> **Brief**: Copy out the data in full and exactly, passing over the pictures.

> **Input records**:
┌──

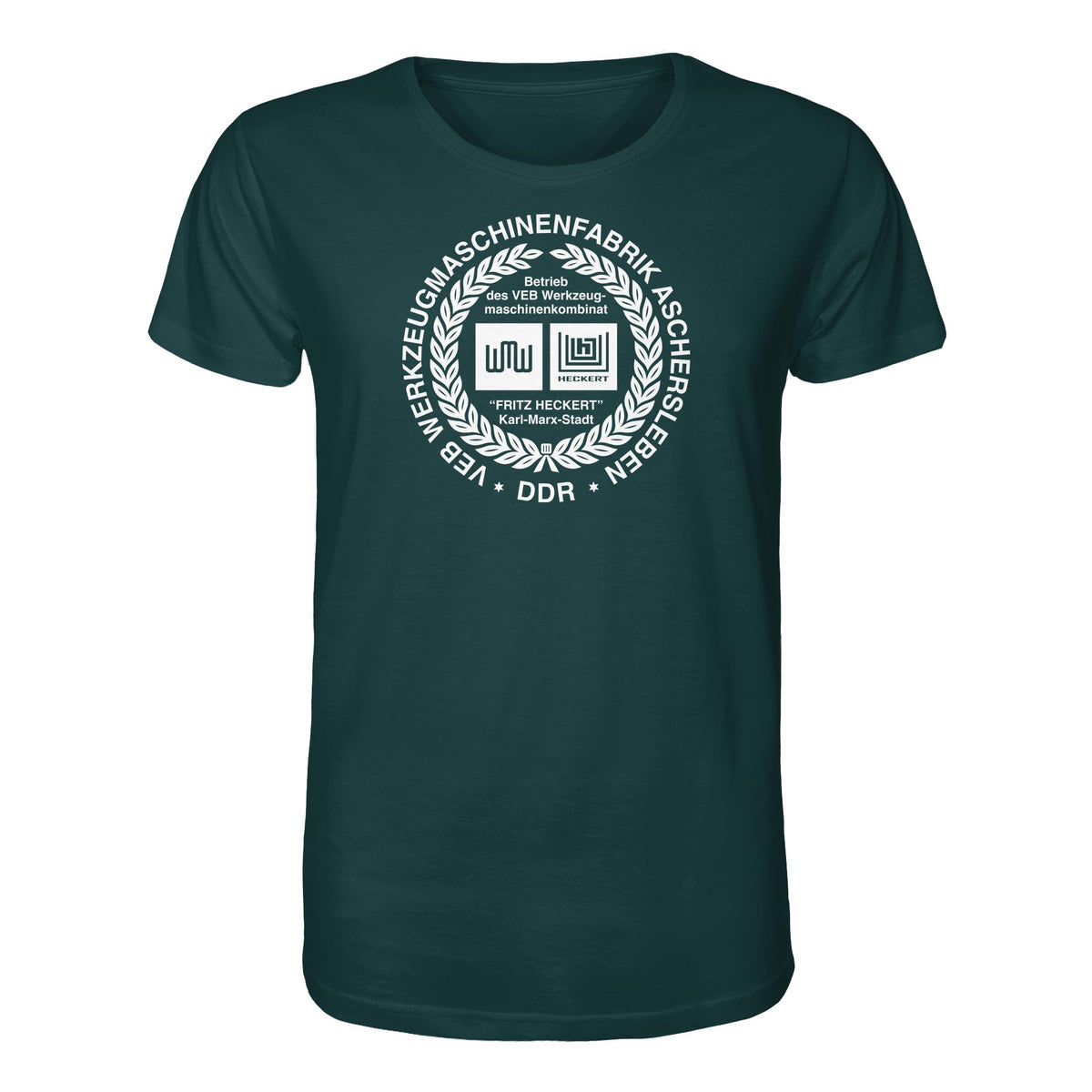 DDR Ostalgie Bio-Shirt Unisex • VEB WERKZEUGMASCHINENKOMBINAT FRITZ HECKERT - ASCHERSLEBEN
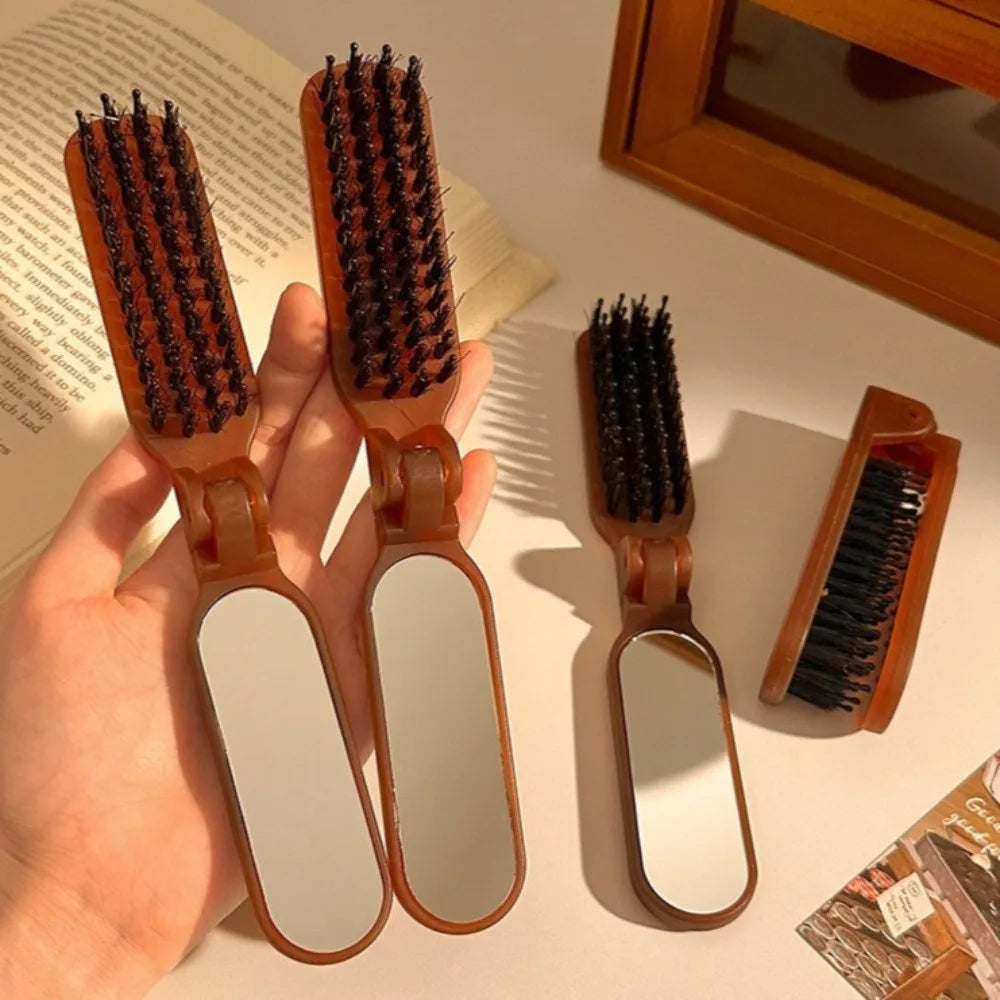 Folding Hair Comb with Mirror | Boar Bristle Anti-Static Folding Hair Comb QXL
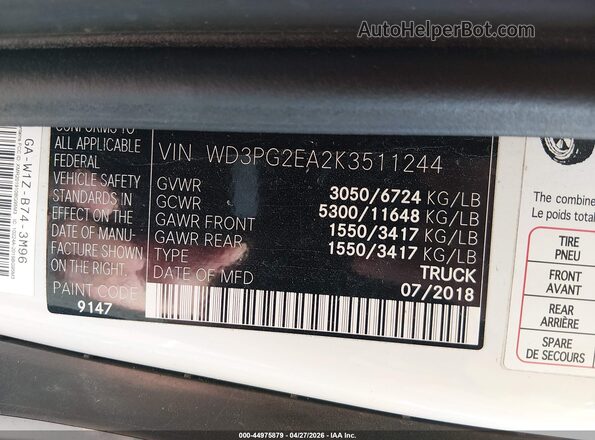 WD3PG2EA2K3511244 2019 MERCEDES-BENZ METRIS Белый Вид подкапотного пространства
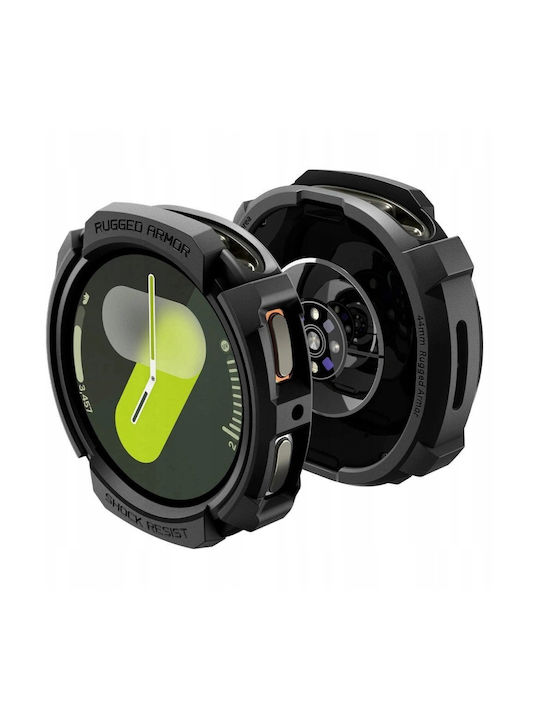 Spigen RUGGED ARMOR Silikonhülle in Schwarz Farbe für Samsung Galaxy Watch 8 44mm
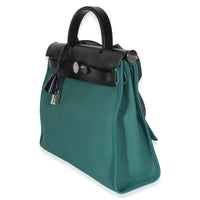 Hermès Noir Vache Hunter Malachite Toile Canvas Herbag Zip 31 Handbag 2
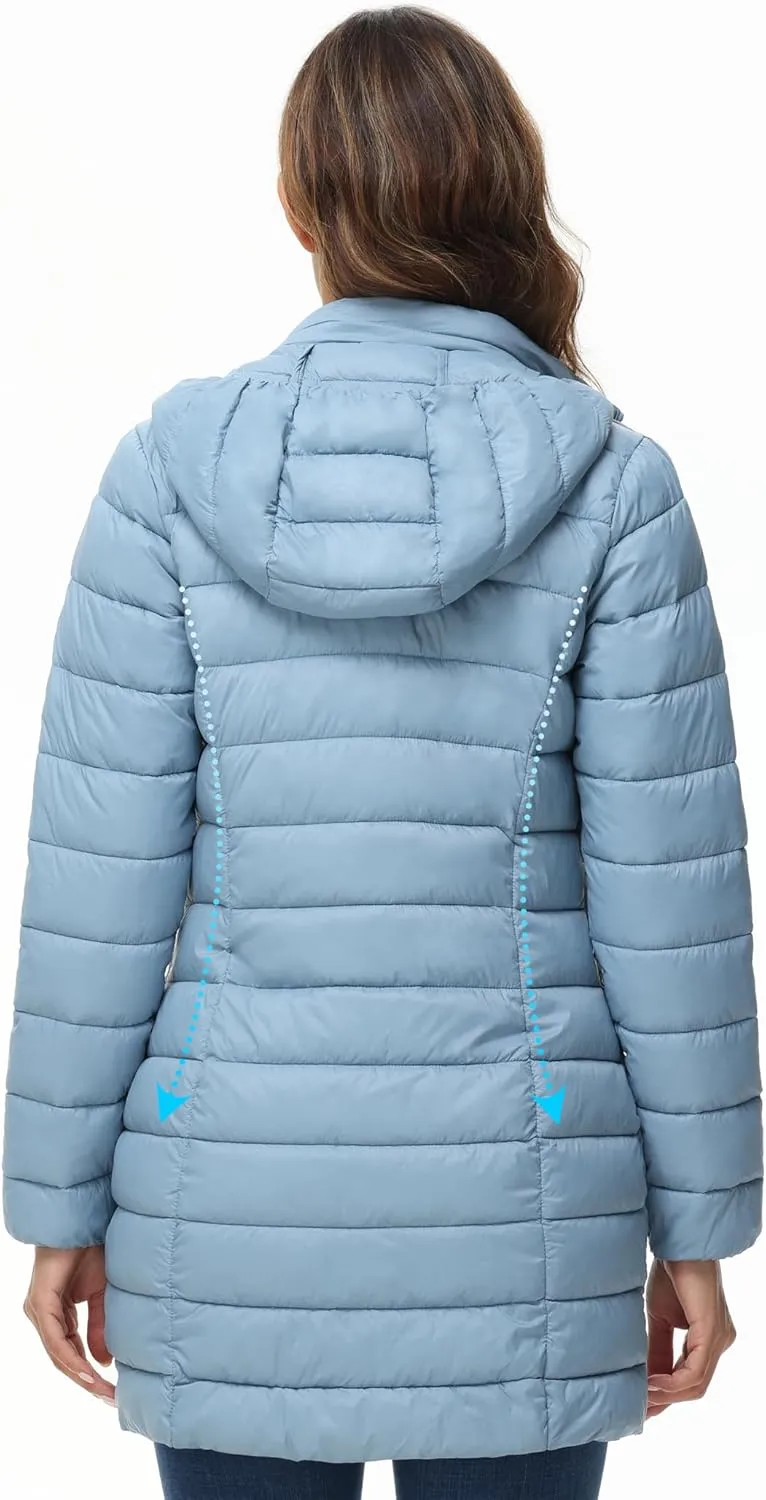 ROYAL MATRIX Women's Packable Puffer Jacket Lightweight Puffer Coat with Hood Long Winter Warm Travel Puffer Jackets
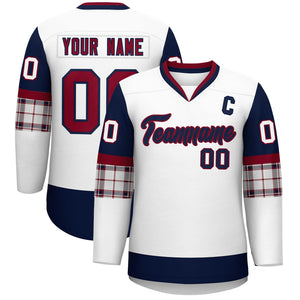 Custom White Navy-Crimson Personalized Raglan Sleeves V-Neck Hockey Jersey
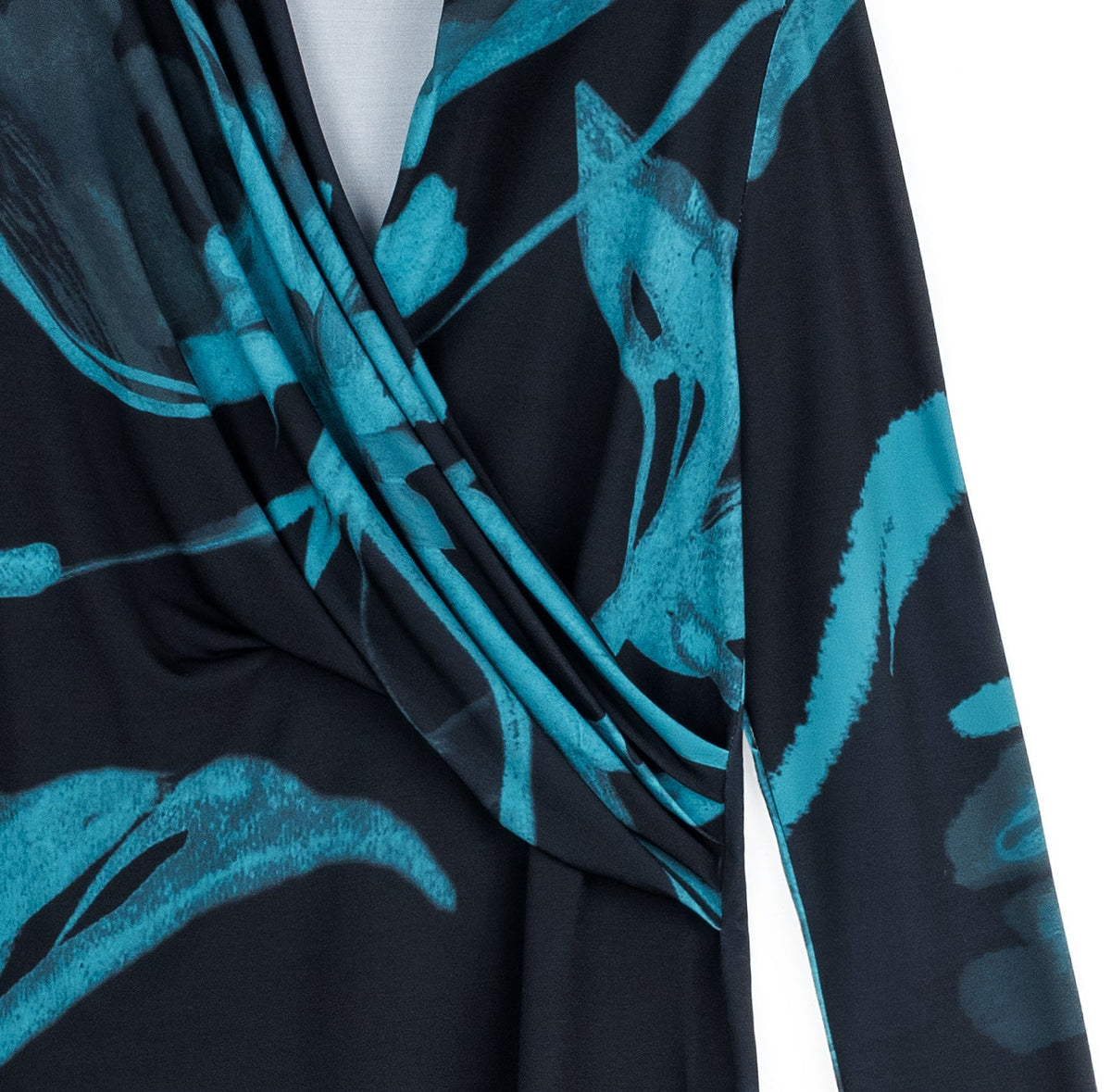 V-Neck Draped Pleat Top - Floral Eclipse - Final Sale | Clara Sunwoo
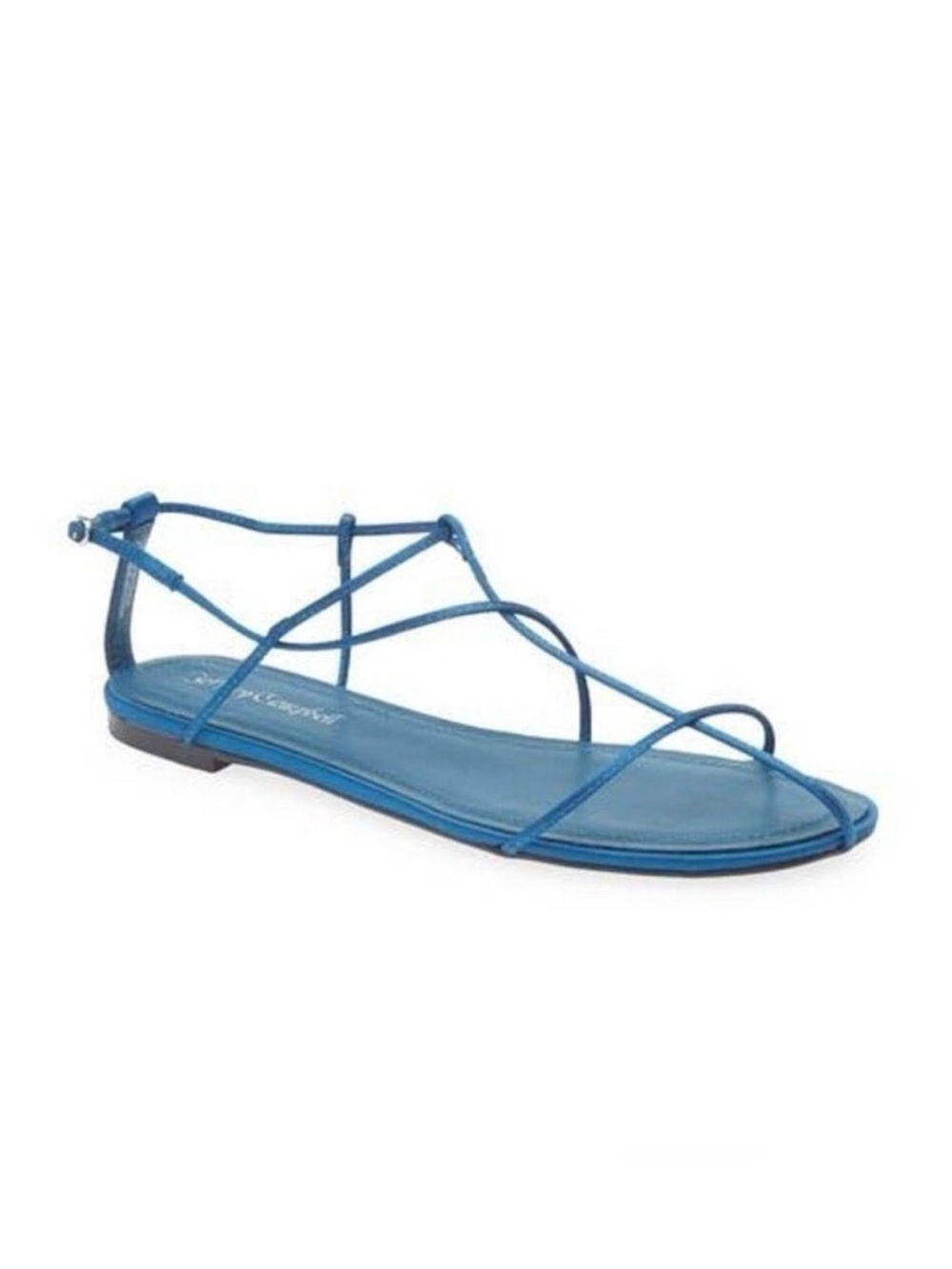 Jeffrey Campbell Blue Trawl Ankle Strap Sandals Flats Size 8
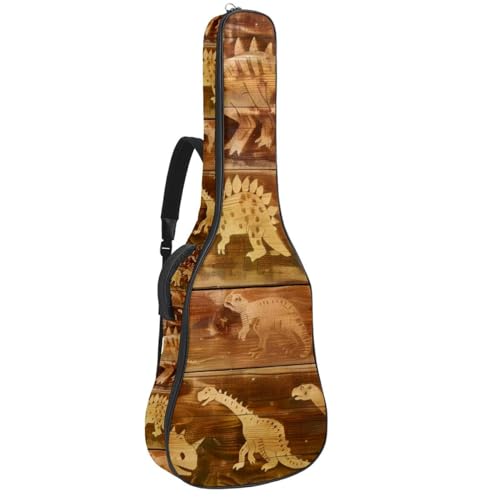 Eslifey Tasche für Akustikgitarre, Dinosaurier, Holzbrett, verstellbarer Schultergurt, Gitarrenkoffer, Gigbag 101,6 cm, 104,4 cm, 106,7 cm, mehrfarbig, 42.9x16.9x4.7 in, Taschen-Organizer von Eslifey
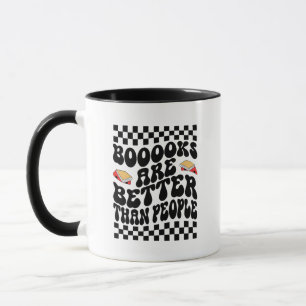 Retro Checkerboard "Books Are Better" Graphic Mug
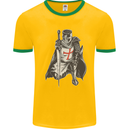 A Nights Templar St. George's Day England Mens White Ringer T-Shirt Gold/Green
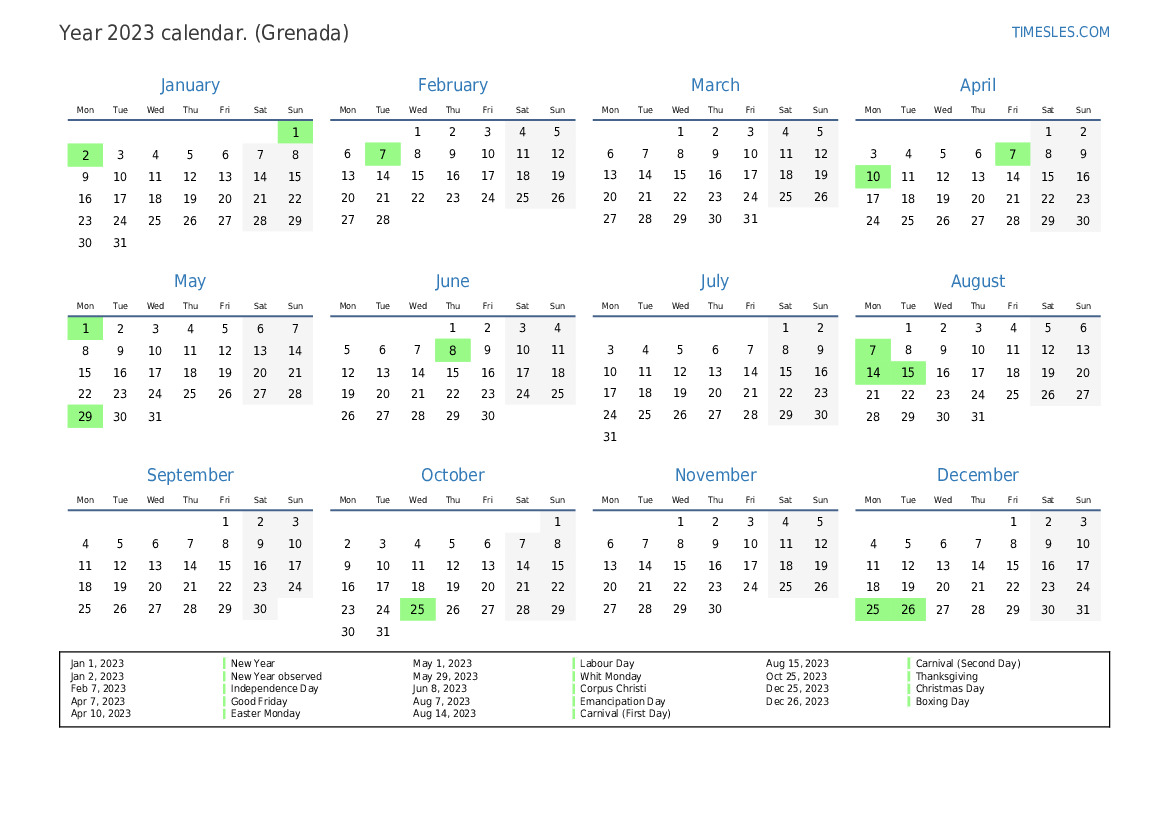 Calendar for 2023 with holidays in Grenada Print and download calendar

└──

> **Exercise result**:
 DDR Ostalgie Bio-Shirt Unisex • VEB WERKZEUGMASCHINENKOMBINAT FRITZ HECKERT - ASCHERSLEBEN
 Folding Hair Comb with Mirror | Boar Bristle Anti-Static Folding Hair Comb QXL
 WD3PG2EA2K3511244 2019 MERCEDES-BENZ METRIS Белый Вид подкапотного пространства
 Spigen RUGGED ARMOR Silikonhülle in Schwarz Farbe für Samsung Galaxy Watch 8 44mm
 Hermès Noir Vache Hunter Malachite Toile Canvas Herbag Zip 31 Handbag 2
 ROYAL MATRIX Women's Packable Puffer Jacket Lightweight Puffer Coat with Hood Long Winter Warm Travel Puffer Jackets
 Custom White Navy-Crimson Personalized Raglan Sleeves V-Neck Hockey Jersey
 V-Neck Draped Pleat Top - Floral Eclipse - Final Sale | Clara Sunwoo
 Jeffrey Campbell Blue Trawl Ankle Strap Sandals Flats Size 8
 Eslifey Tasche für Akustikgitarre, Dinosaurier, Holzbrett, verstellbarer Schultergurt, Gitarrenkoffer, Gigbag 101,6 cm, 104,4 cm, 106,7 cm, mehrfarbig, 42.9x16.9x4.7 in, Taschen-Organizer von Eslifey
 Retro Checkerboard "Books Are Better" Graphic Mug
 A Nights Templar St. George's Day England Mens White Ringer T-Shirt Gold/Green
 Calendar for 2023 with holidays in Grenada Print and download calendar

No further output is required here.